Task instructions =
Pick each line containing the word "wooden" out of the data below.

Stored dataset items

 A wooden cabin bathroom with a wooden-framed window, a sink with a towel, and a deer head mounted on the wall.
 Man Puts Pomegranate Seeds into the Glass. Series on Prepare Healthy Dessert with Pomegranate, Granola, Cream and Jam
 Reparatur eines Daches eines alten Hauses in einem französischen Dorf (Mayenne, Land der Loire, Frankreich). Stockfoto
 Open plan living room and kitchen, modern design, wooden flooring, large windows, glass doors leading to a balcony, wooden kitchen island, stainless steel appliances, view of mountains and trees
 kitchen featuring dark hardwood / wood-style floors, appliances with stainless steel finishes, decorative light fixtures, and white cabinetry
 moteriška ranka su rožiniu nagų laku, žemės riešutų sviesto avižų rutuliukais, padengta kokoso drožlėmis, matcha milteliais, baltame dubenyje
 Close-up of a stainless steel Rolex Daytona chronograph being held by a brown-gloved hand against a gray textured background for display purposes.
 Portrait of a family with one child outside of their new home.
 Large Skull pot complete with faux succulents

Exercise result =
 A wooden cabin bathroom with a wooden-framed window, a sink with a towel, and a deer head mounted on the wall.
 Open plan living room and kitchen, modern design, wooden flooring, large windows, glass doors leading to a balcony, wooden kitchen island, stainless steel appliances, view of mountains and trees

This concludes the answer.